The roads now became very indifferent, but the scenery was much improved. I could not but compare the prospect of a French road with one of the great roads of England. It is impossible to travel a mile on an English road without meeting or overtaking every species of vehicle. The imagination of a traveller, if as susceptible as a traveller's imagination should be, has thus a constant food for its exercise; it accompanies these several groups to their home or destination, and calls before its view the busy market, the quiet village, the blazing hearth, the returning husband, and the welcoming wife. No man is fit for a traveller who cannot while away his time in such creations of his fancy. I pity the traveller from my heart, who in a barren or uniform road, has no other occupation but to count the mile-stones, and find every mile as long as the three preceding. Let such men become drivers to stage-coaches, but let them not degrade the name of travellers by assuming it to themselves.
On a French road, there is more necessity than objects for this exercise of the imagination. A French road is like a garden in the old French style. It is seldom either more or less than a straight line ruled from one end of the kingdom to the other. There are no angles, no curvatures, no hedges; one league is the exact counterpart of another; instead of hedges, are railings, and which are generally in a condition to give the country not only a naked, but even a slovenly, ruinous appearance. Imagine a road made over an heath, and each side of it fenced off by a railing of old hurdles, and you will have no imperfect idea of a French great road. Within a mile, indeed, of the neighbourhood of a principal town, the prospect usually varies and improves. The road is then planted on each side, and becomes a beautiful avenue through lofty and shady trees. This description, however, will only apply to the great roads. Some of the cross and country roads, as I shall hereafter have occasion to mention, not only equal, but greatly exceed, even the English roads, in natural beauty and scenery.

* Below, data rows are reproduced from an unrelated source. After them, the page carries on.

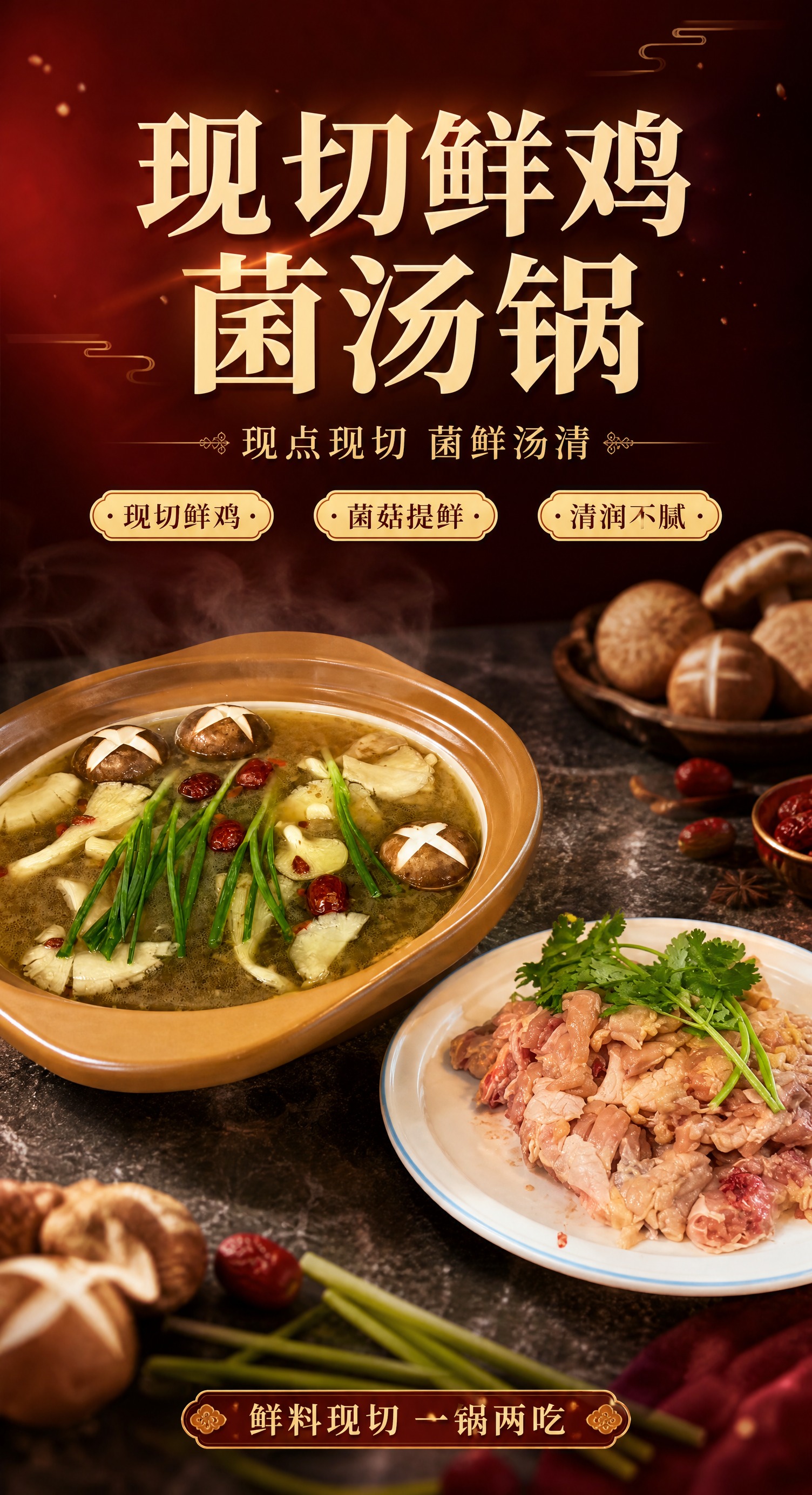 中式餐饮新品上市海报，食材特写型写实商业摄影风格，整体暗红色系… - 图片创意预览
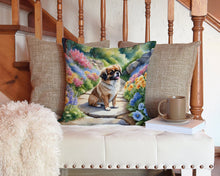 Load image into Gallery viewer, Tibetan Spaniel Spring Path Throw Pillow - 14x14 Decorative Pillow – Art for Your Home &amp; Patio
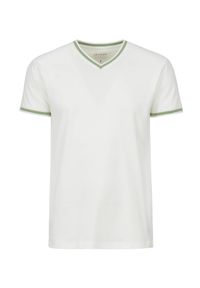 Ochnik - Biało-zielony T-shirt męski. Kolor: biały. Materiał: bawełna. Długość rękawa: krótki rękaw. Długość: krótkie #4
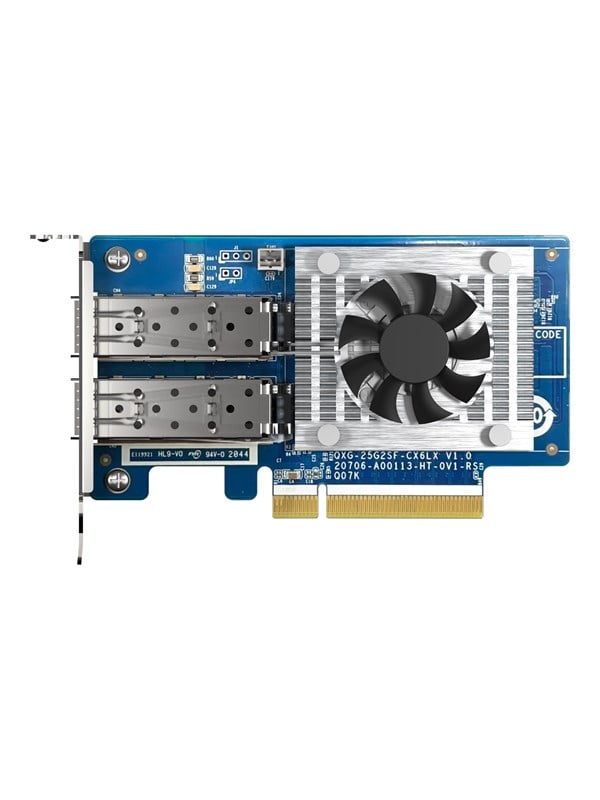 QNAP QXG-25G2SF-CX6 - Netværksadapter - PCIe 4.0 x8 lavprofil - 25 Gigabit SFP28 x 2 - for QNAP TS-H2490FU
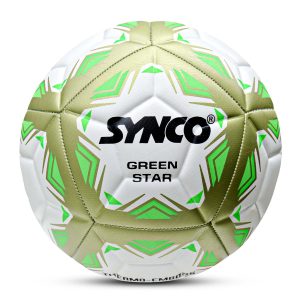 Bal?n de f?tbol Synco Green Star Embossed | Bal?n de partido profesional | Cosido a m?quina con TPU | Tama?o 5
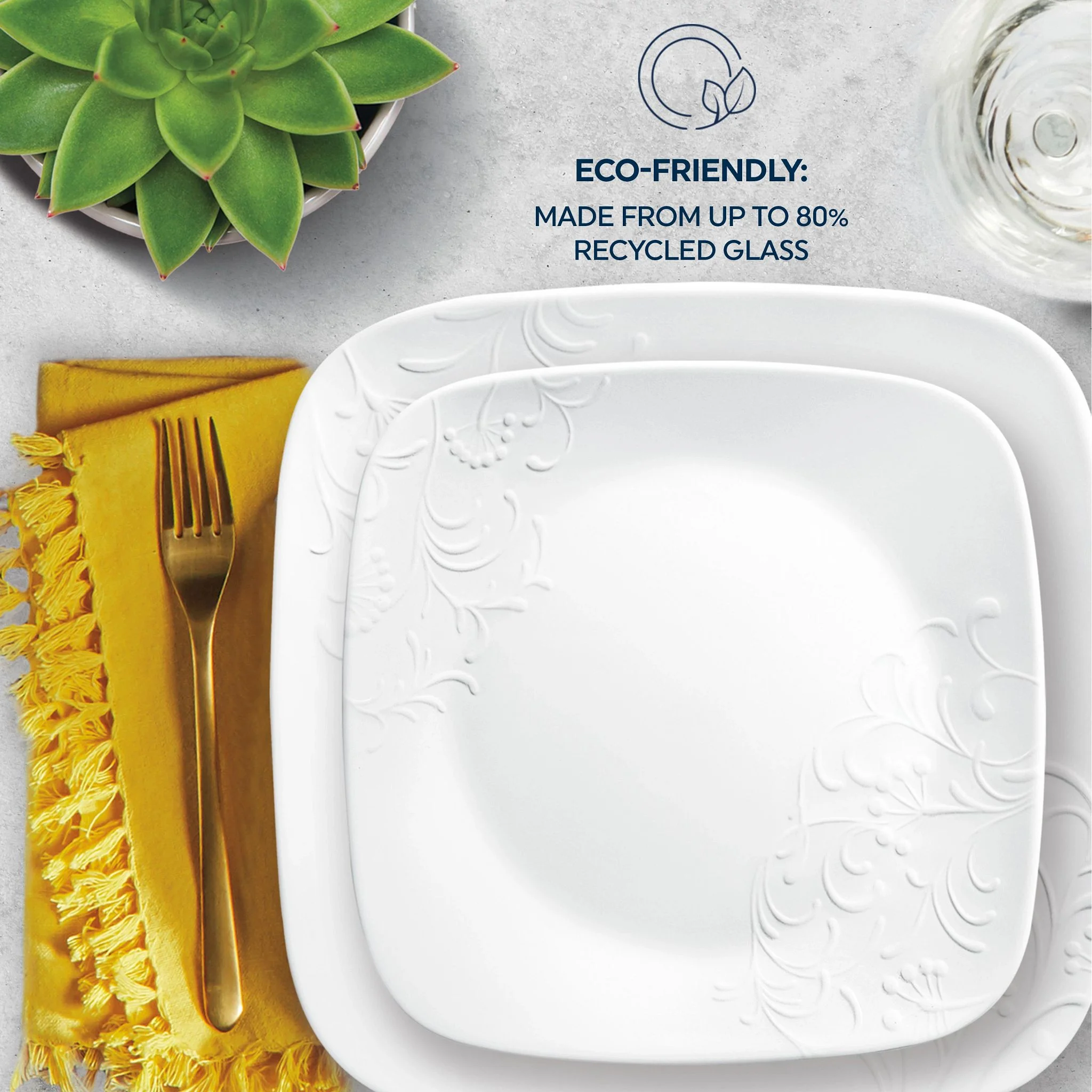 Cherish 16 Piece Embossed Square Glass Dinnerware Set (Service for 4) Image 4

In the course of the road between Amiens and Clermont, I had again too frequent opportunity to remark the slovenly management of the French farmers, as compared with those of England, and even with those of America. In America, the farmers are not without a very sufficient excuse. The scarcity of hands, the impossibility of procuring labourers at any price, compel an American farmer to get in his harvest as he can, to collect the crop of one field hastily, and then fly to another. In France there is no such excuse, and therefore there should be no such slovenly waste. Yet in some of the hay-fields which I passed, at least one-fifth of the crop was lying scattered on the roads and in the fields. The excuse was, that the cattle would eat it, and that they might as well have it one way as another. It would be folly to say any thing as to such an argument; yet in these very fields the labour was so plentiful and minute, that the greater part of the crop was carried from the fields on the shoulders of the labourers, men, women, and boys. It is difficult to reconcile such inconsistencies.
In such of the fields as I saw carts, the most severe labour seemed to be allotted to the share of the women. They were the pitchers, and performed this labour with a very heavy, and as it appeared to me, a very awkward fork. Whilst the women were performing this task, two or three fellows, raw-boned, and nearly six feet high, were either very leisurely raking, or perhaps laying at their full length under the new-made stacks. In other fields I saw more pleasing groups. At the sound of a horn like the English harvest horn, the pitchers, the loaders, and every labourer on the spot, left their work, and collected around some tree or hay-cock, to receive their noon refreshment. The indispensable fiddle was never wanting. Even the horses, loosened from the carts, and suffered to feed at liberty, seemed to partake in the general merriment, and looked with erect ears at the fiddler and his dancing group. When, the hour allotted to this relaxation expired, the labourers were again called to the several duties by the summons of the same horn, which was now sounded from the top of the loaded cart, as it had before been sounded under the tree or hay-cock. I had forgotten to mention, that the tree or hay-cock, the appointed place of refreshment, was distinguished by pennants of different coloured ribbons attached to a stick as a flag-staff, and which waving in the wind, under a beautiful midsummer sky, had an effect peculiarly pleasing. As I saw the same spectacle in several fields, I believe it to be national.